Content starts

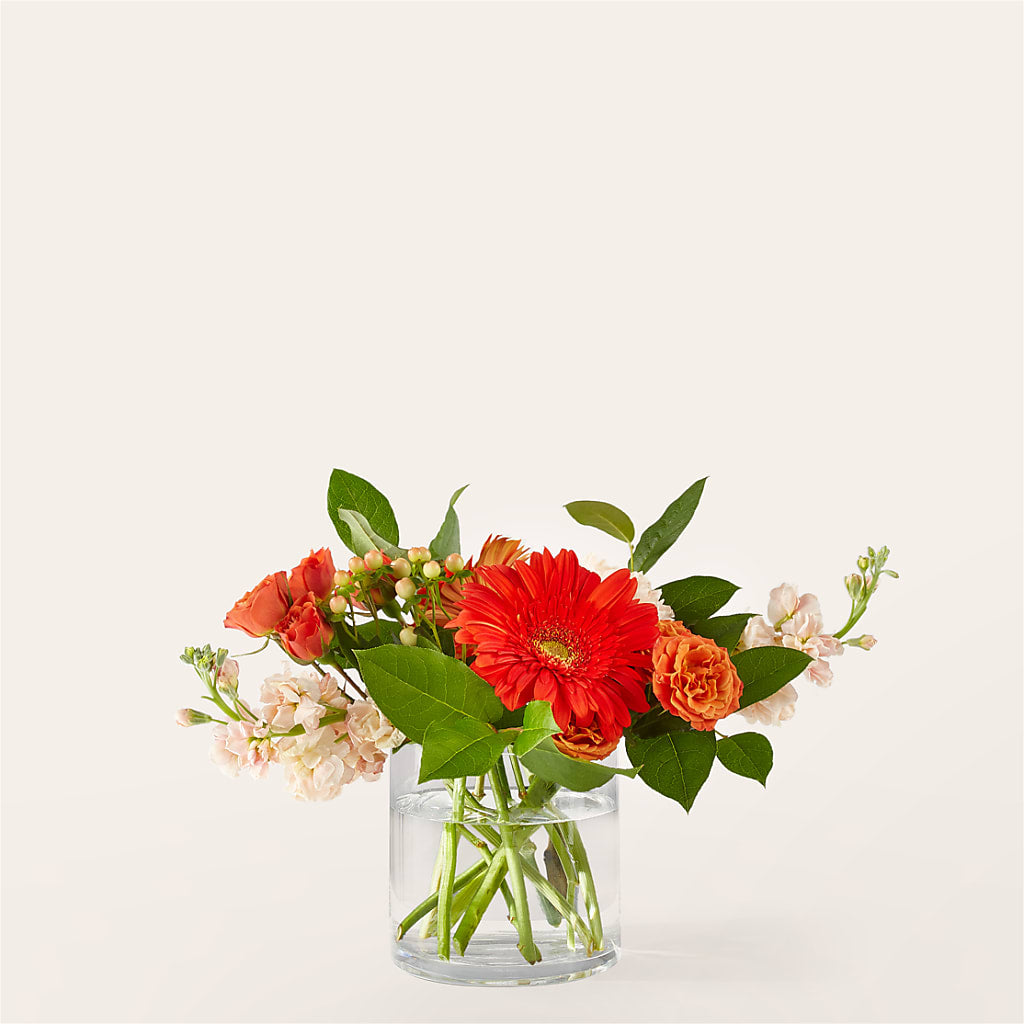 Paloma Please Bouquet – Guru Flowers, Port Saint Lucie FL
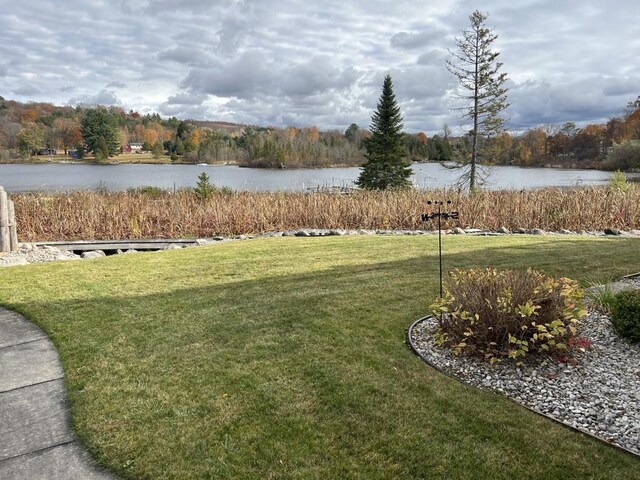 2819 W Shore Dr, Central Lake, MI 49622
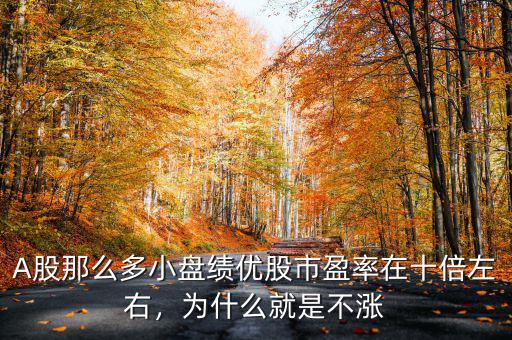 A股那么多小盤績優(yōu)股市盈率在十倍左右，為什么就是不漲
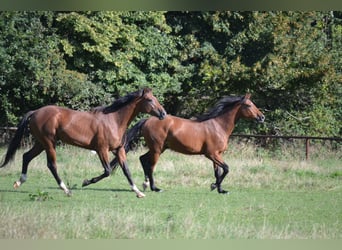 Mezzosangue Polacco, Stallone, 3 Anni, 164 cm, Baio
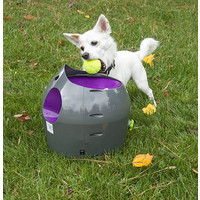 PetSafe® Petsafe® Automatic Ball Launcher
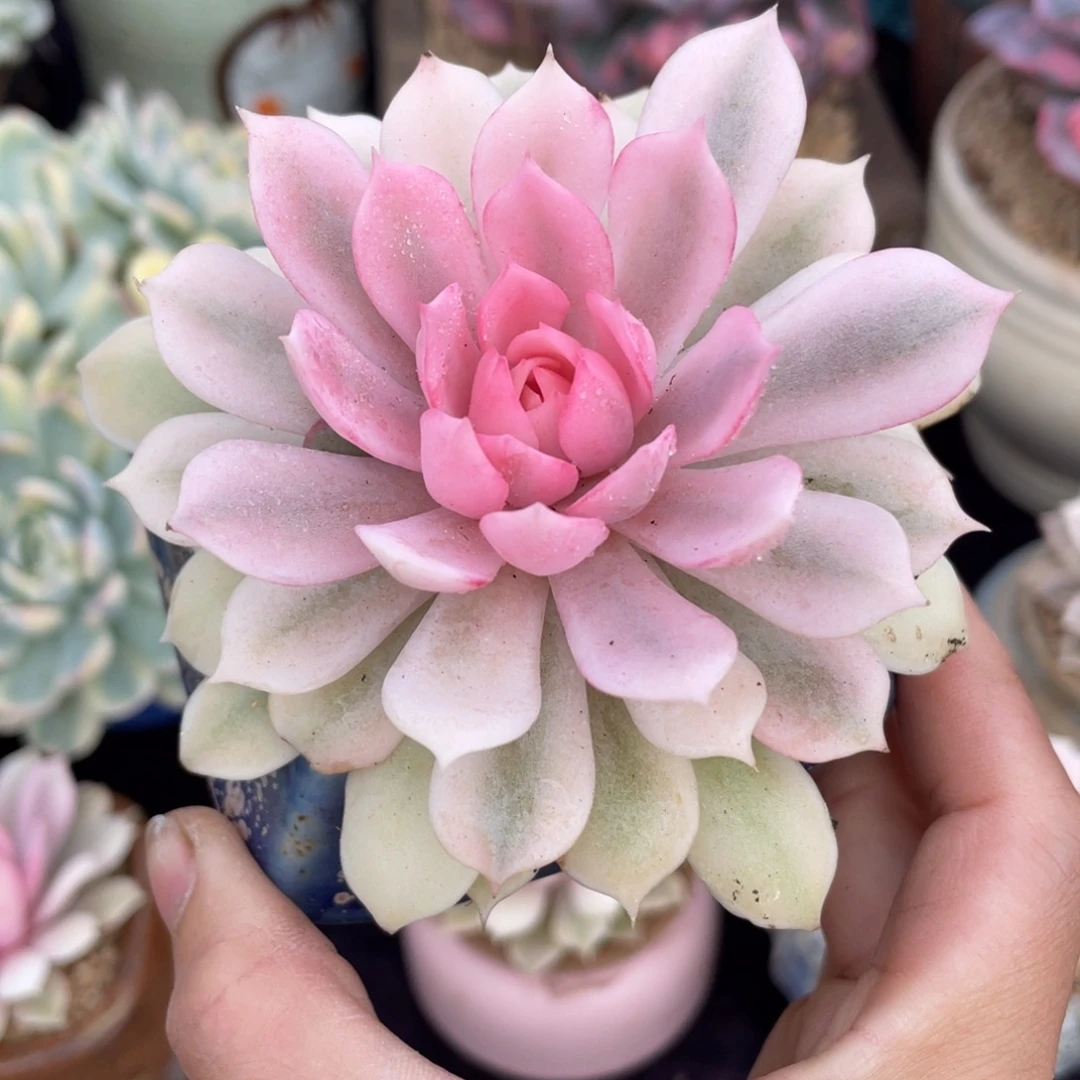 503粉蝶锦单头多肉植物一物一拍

Content ends
Content starts

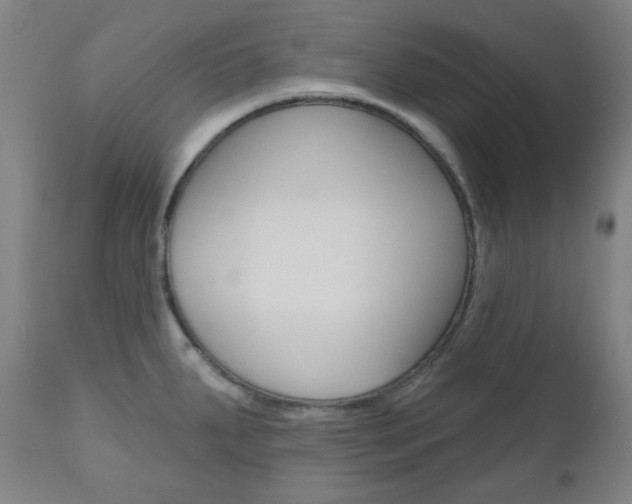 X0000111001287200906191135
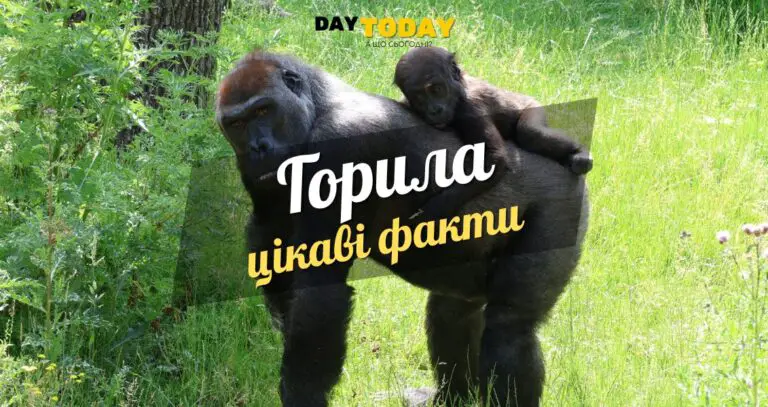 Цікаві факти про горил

Content ends

Work order: Excluding any pictures, print exactly the lines of the listing above from the line with "2819 W Shore Dr, Central Lake, MI 49622" to the line with "503粉蝶锦单头多肉植物一物一拍", both ends included.

Result below:
 2819 W Shore Dr, Central Lake, MI 49622
 A股那么多小盤績優(yōu)股市盈率在十倍左右，為什么就是不漲
 Mezzosangue Polacco, Stallone, 3 Anni, 164 cm, Baio
 PetSafe® Petsafe® Automatic Ball Launcher
 503粉蝶锦单头多肉植物一物一拍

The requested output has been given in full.